Local Filmmaker Tackles Iraqi Refugee Crisis in 'The List'
By: Chris Kazarian & Elise Hugus, July 19, 2012
COURTESY PRINCIPLE PICTURES - Kirk Johnson (left) started out just trying to help his Iraqi friend, Yaghdan (right) come to the United States. But he soon realized there were thousands of others in need.
Two years after he started working for the US Agency for International Development in Fallujah, Iraq, Kirk Johnson started compiling a list of Iraqis seeking refugee status abroad.
It all started in December 2006, when he received word from a former Iraqi colleague who had found a severed dog's head on the front steps of his home. Attached was a note that said he would be next.
Sunday, July 29 at 7 PMRedfield Auditorium 57 Water Street, Woods Hole
Beth Murphy will answer questions after the screening.
That motivated Johnson to try to help bring his friend to safety in the United States. By June 20, 2007, World Refugee Day, Johnson founded The List Project To Resettle Iraqi Allies.
Less than a month later he would become the focus of North Falmouth resident Beth Murphy's documentary, aptly titled The List, which details Johnson's work in getting the US government to fulfill its promise to give refugee status to Iraqis that worked with the US military.
A modern-day Oskar Schindler
Murphy, owner of Principle Pictures in Boston, first made waves with her 2007 documentary Beyond Belief, detailing the work of two American women who lost their husbands on September 11, 2001, to help Afghani widows.
Shortly after meeting Johnson—through her work with the International Institute of New England, non-profit that has been assisting Iraqi refugees since 2007—Murphy realized she had found a modern-day Oskar Schindler.
"As part of [the International Institute’s] agreement, we were going to be able to handle a large number of cases in Iraq," she said. "And then, shockingly, no one came.
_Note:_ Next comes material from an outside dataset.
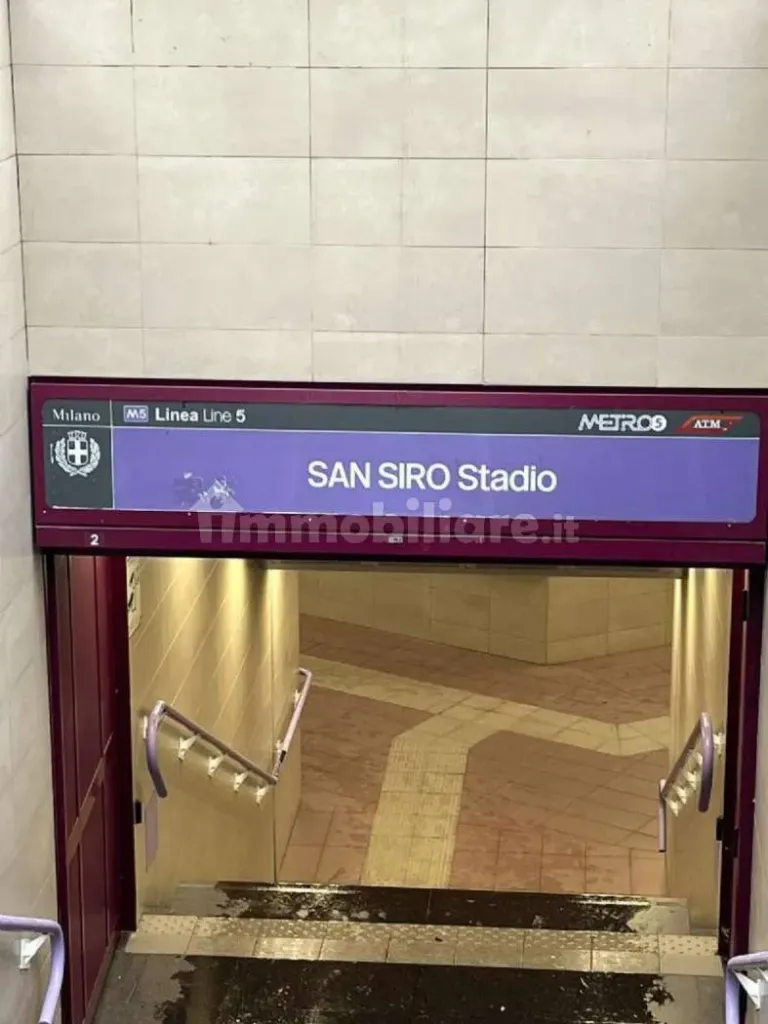 Ingresso – Appartamento in vendita a San Siro, Milano | Di Guida Real Estate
It raised a red flag and put a question mark in the back of my mind."
The first footage she shot, just days after she welcomed her daughter Isabelle into her family, was of Johnson welcoming a close friend from Baghdad.
"He really wanted to help one person, this friend, get out of danger and then realized it wasn't just one person or 100 people. It was thousands of Iraqis facing danger," said Murphy, who focused on Johnson’s work with three Iraqis in her film.
The refugees’ stories "are heart-wrenching,” Murphy said. “We show someone, an Iraqi translator, who has his leg blown off by an insurgent, because he was trying to drag one of the soldiers to safety. He waited more than two years to get out of Iraq."
An endless list
While Johnson has made progress in his efforts, bringing more than 1,000 refugees into America—to everywhere from Boston to Chicago to San Diego—Murphy said his list continues to grow.
"It is now over 3,000 names," she said.
Murphy hopes the film sheds light on what the United States' actions—and, in some cases, inaction—have meant to Iraq.
"The film is about who we are as Americans and the way we operate in the world," she said.
Murphy’s travels to Iraq have left her somewhat saddened in that regard. She had never felt worse about being an American than when she was in Iraq, she said.
But even in that dismal reality she found a glimmer of optimism in the work Johnson is doing.
"With The List I try to tell it through his eyes,” she said. "For me, the reason Kirk's story is so important is he represents overseas who we are and what we want to be, especially in times of war."
Completed in late 2011, The List premiered at Tribeca Film Festival in New York City this spring and also screened at the Chicago Human Rights Festival, HotDocs in Toronto and the Nantucket Film Festival. Murphy is also working on an curriculum accompaniment to the film for high school and college students to address the moral obligations and human consequences of war.
At each screening, the film has sparked an important conversation among festival audiences.
“Iraq is off the radar but people are ready to start assessing what happened and what are the consequences of the Iraq War," Murphy said.
"There is a very, very sad and unnecessary human cost. When people see the film, they start to understand the Iraqis. They wanted to change their country and they thought the US was the hope for doing that… of course those hopes were not realized.”
The number one question viewers have after watching the documentary is how they can help The List Project move forward, Murphy said. Unless people have deep pockets or connections in Washington, she suggests setting up a personal connection with one of the thousands of Iraqis who have made it into the US through The List Project’s online community NetRoots.
Murphy is currently working on two documentaries: What Tomorrow Brings, about an all-girls school in a socially conservative village in Afghanistan; the other, Boomtown USA, about a modern-day gold rush in oil and gas-rich North Dakota.